• TASK DETAILS:
Give an unaltered copy of the listing below, minus its pictures.

• RECORDED INFORMATION:
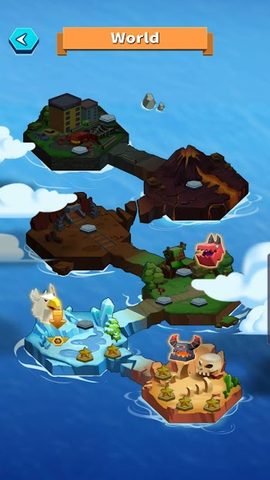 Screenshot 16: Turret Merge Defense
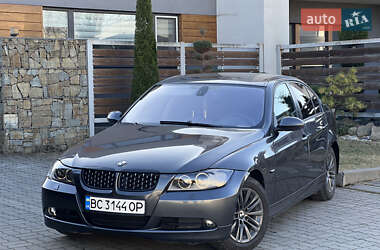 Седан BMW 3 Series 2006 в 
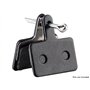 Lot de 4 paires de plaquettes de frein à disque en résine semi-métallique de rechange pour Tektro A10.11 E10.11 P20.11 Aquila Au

• SOLUTION TO THE EXERCISE:
 Screenshot 16: Turret Merge Defense
 Седан BMW 3 Series 2006 в 
 Lot de 4 paires de plaquettes de frein à disque en résine semi-métallique de rechange pour Tektro A10.11 E10.11 P20.11 Aquila Au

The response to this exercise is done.